US Senate Judiciary Committee Chairman Arlen Specter speaks during news conference on Capitol Hill
Yuri Gripas  /  Reuters file
Senate Judiciary Committee Chairman Arlen Specter succeeded Monday in getting an immigration bill OK'd by his panel.
By Tom Curry National affairs writer
updated 3/27/2006 3:30:54 PM ET 2006-03-27T20:30:54

The immigration bill the Senate is debating this week may solve an imperative political need for the Republicans: to show loyal GOP voters prior to the Nov. 7 elections that the party’s leaders were able to enact a measure to cope with workers who have entered the United States illegally.

President Bush said he hopes Congress comes up with stronger border controls and a program that “would create a legal way to match willing foreign workers with willing American employers to fill jobs that Americans will not do.”

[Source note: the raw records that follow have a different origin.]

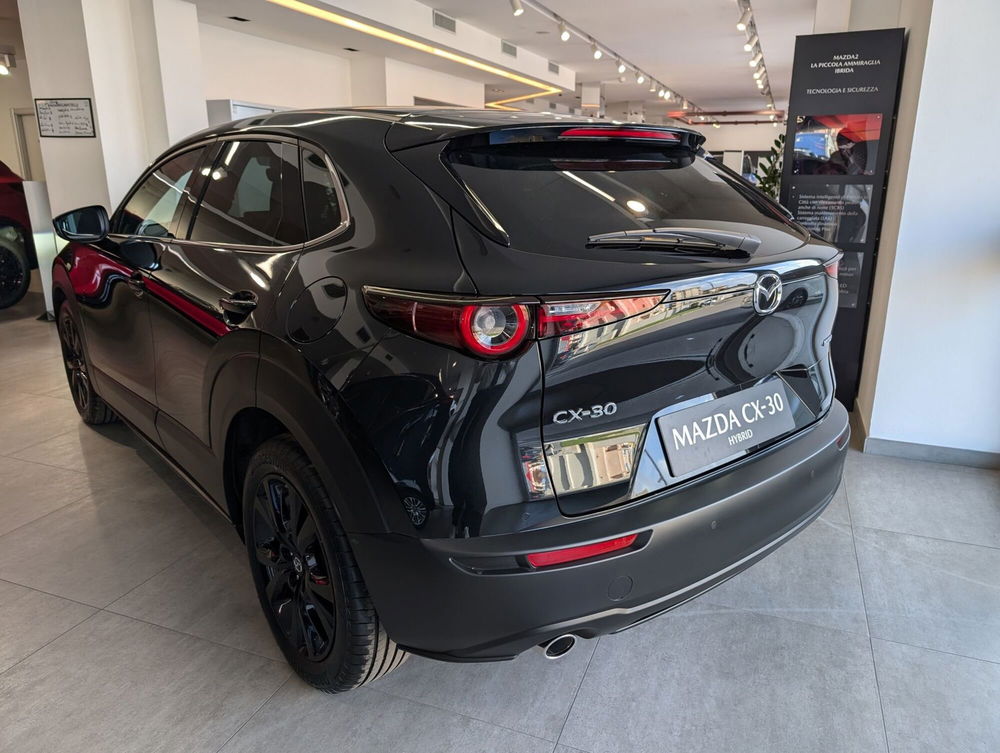 Mazda CX-30 nuova a Napoli (3)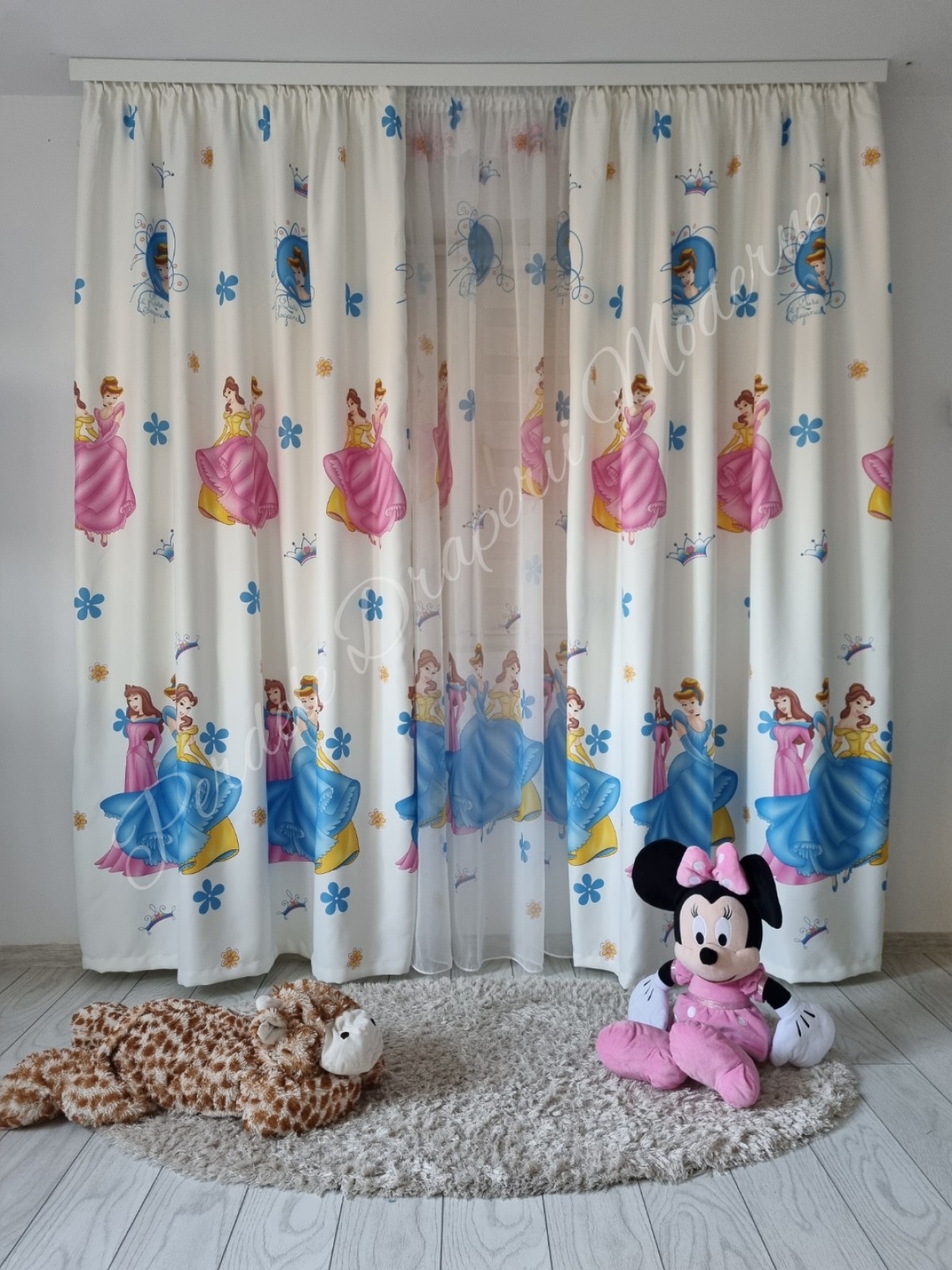 Set printese,roz imagine 2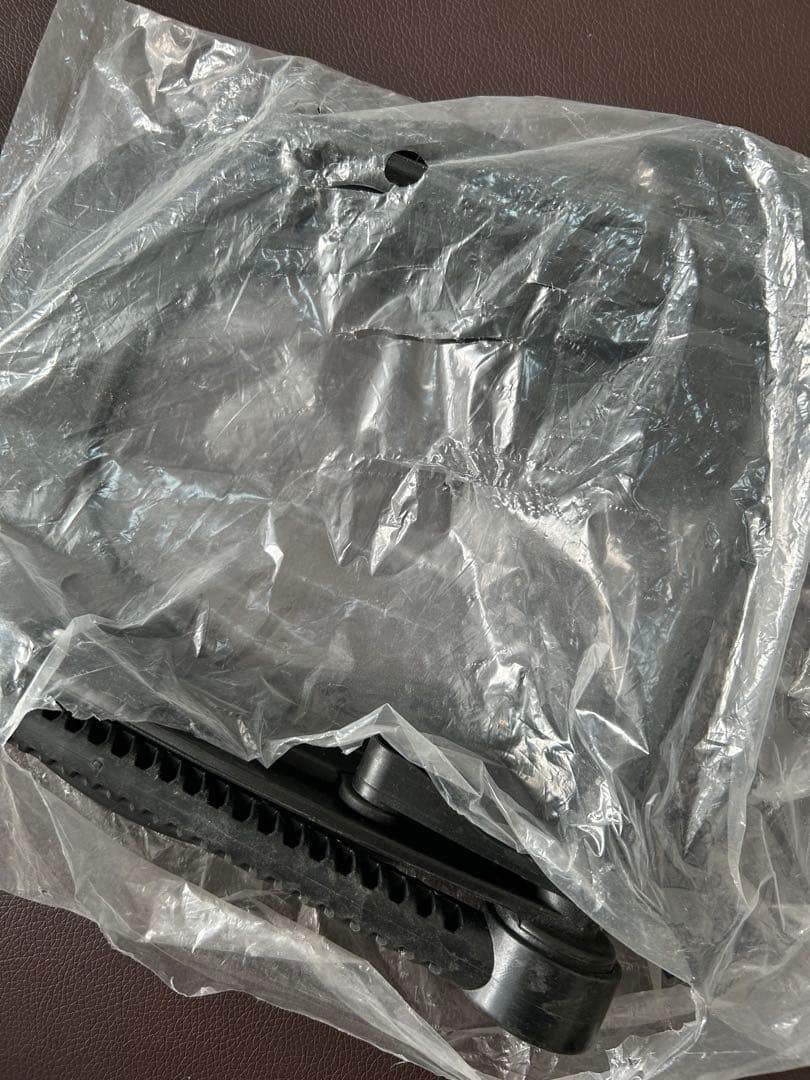 折りたたみ　マッサージベッド　world jb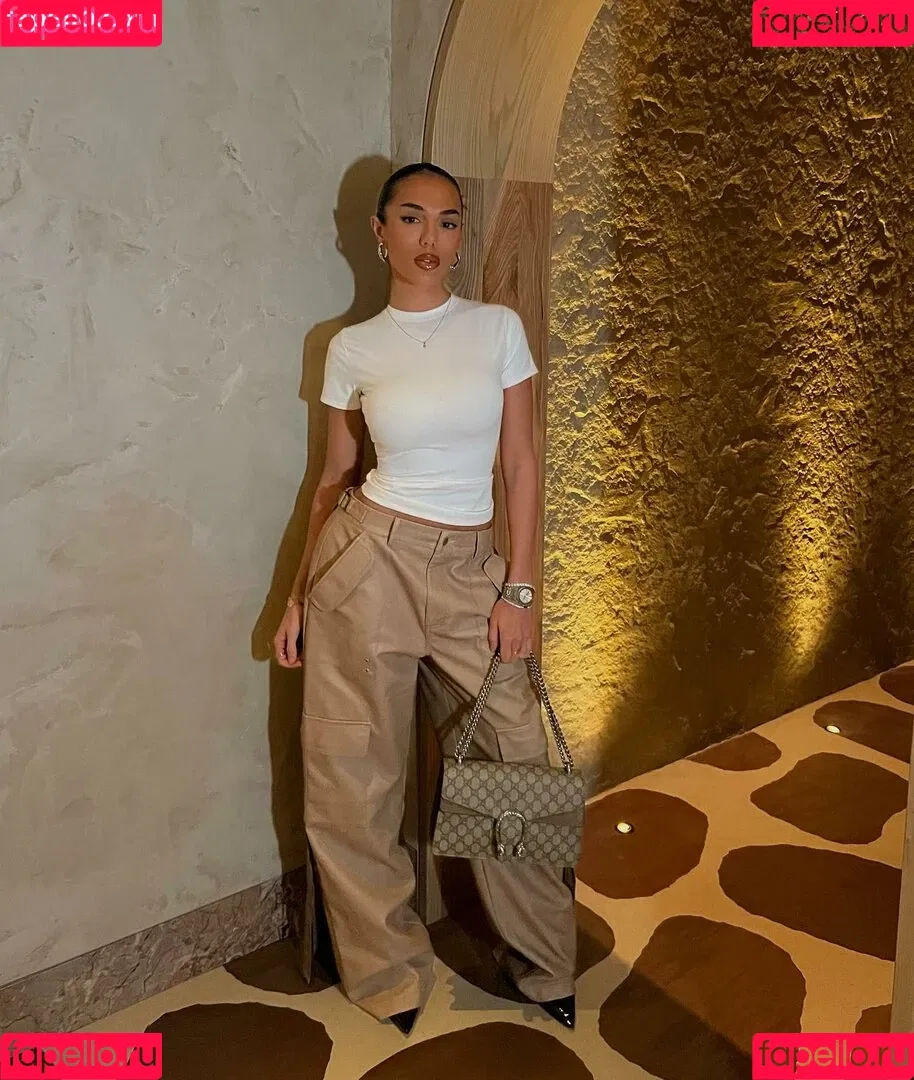 Arianna Ajtar Onlyfans Photo Gallery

The Senate action started this week with the Judiciary Committee trying to reach an accord on a bill offered by Chairman Arlen Specter, R-Pa.

In general terms the Specter bill would punish those who help illegal immigrants enter the United States.

But, with two Republicans, Sen. Mike DeWine of Ohio and Sen. Sam Brownback of Kansas, joining the committee's eight Democrats, the panel approved an amendment by Sen. Dick Durbin, D-Ill., to give immunity to churches, charitable groups, and individuals who provide housing, counseling, and other non-emergency services to illegal immigrants who are victims of violent crime and spousal abuse.

If Specter’s committee can’t finish its work by close of business Monday, Senate Majority Leader Bill Frist will offer his own enforcement-only bill for floor debate.

Frist on Monday warned Senate Minority Leader Harry Reid to not follow through on his threat to filibuster any legislation that is only a border control bill and not a guest worker bill.

"I don't think anybody is going to want to be stopping border security," Frist told reporters Monday.

Even if the Senate can agree with the House of Representatives on legislation and send it to Bush for his signature, the bill is likely to grapple with only some of the problems posed by the rapid increase in the number of illegal immigrants in states, such as North Carolina, that didn’t use to encounter them as often.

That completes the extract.